Un coup d’État possible suite à une recrudescence d’actes criminels et de violence
Un coup d’État ne surprendrait pas les autorités du Bangladesh dans la mesure où la stabilité politique et la sécurité des citoyens a été remise en cause depuis l’année dernière.
L’opération “Devil Hunt” (“Chasse au diable”), lancée le 8 février, a conduit à l’arrestation de plus de 8 600 individus, accusés par le gouvernement de chercher à “déstabiliser” le pays. Parmi les personnes visées figurent des membres présumés de gangs liés à l’ancien pouvoir et des figures influentes de la sphère politique. Alors que des accusations de disparitions forcées, de tortures et d’exécutions extrajudiciaires se multiplient, Waker-Uz-Zaman a appelé à des enquêtes et à la justice : “Les forces de sécurité doivent rendre des comptes. Sans cela, nous resterons prisonniers du même cycle.“
L’armée bangladaise, bien que dotée de pouvoirs judiciaires similaires à ceux de la police depuis la révolution, se retrouve dans une situation délicate. Alors que le général Waker-Uz-Zaman affirme vouloir restaurer la stabilité avant de se retirer dans ses casernes, les tensions persistent. Des factions étudiantes rivales se sont affrontées sur un campus universitaire la semaine dernière, illustrant l’état de discorde qui règne entre les groupes ayant pourtant joué un rôle clé dans le soulèvement contre Hasina.
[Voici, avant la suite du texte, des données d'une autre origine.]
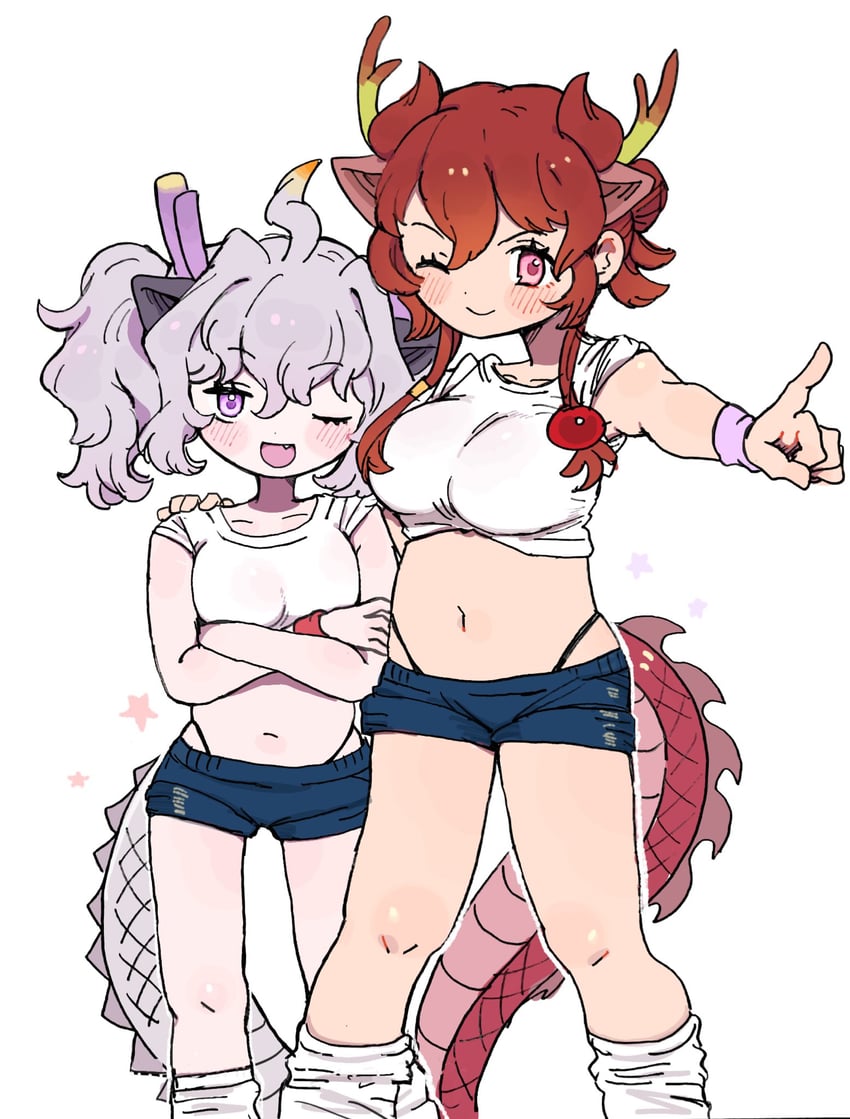 white dragon and red dragon (kemono friends and 1 more) drawn by 010mzam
Des manifestations violentes ont éclaté, ciblant des biens appartenant à la famille de l’ancienne première ministre.
Le chef de l’armée a affirmé que ces troubles dépendaient du peuple : “Si vous ne dépassez pas vos différences et continuez à vous chamailler, l’indépendance et l’intégrité du pays seront en danger.”
Il a pointé du doigt une classe politique obsédée par les querelles internes, permettant ainsi aux “mécréants” d’exploiter cette situation de chaos. Sans nommer directement de responsables, il a dit que l’anarchie actuelle est le fruit de décisions et d’actions internes et que “le désordre auquel nous assistons est fabriqué par nous“.
Le processus de transition politique est lui aussi sujet à interrogations. Muhammad Yunus, prix Nobel et chef du gouvernement de transition, a hérité d’un système administratif et judiciaire en décomposition.
Alors qu’il prévoit des réformes en profondeur pour éviter un retour à l’autocratie, il estime que des élections ne pourront se tenir qu’à la fin de l’année 2025 ou début 2026. Waker-Uz-Zaman soutient cette approche : “Dès le début, j’ai dit qu’il faudrait 18 mois pour organiser un scrutin. Nous sommes sur cette voie.”
La pression politique s’intensifie avec la démission de Nahid Islam, figure étudiante emblématique et ancien ministre des Télécommunications, qui prépare le lancement d’un nouveau parti. Ce départ intervient alors que le Bangladesh tente de se restructurer après une décennie et demie sous le règne de Sheikh Hasina.
Pendant ce temps, les discours du général Waker-Uz-Zaman résonnent comme un appel à la responsabilité et à la stabilisation du pays. Son engagement semble clair : “Je veux simplement ramener le pays à un point stable et ensuite prendre des vacances. Après cela, nous retournerons dans nos casernes.” Reste à savoir si l’histoire mouvementée du Bangladesh lui permettra d’honorer cette promesse.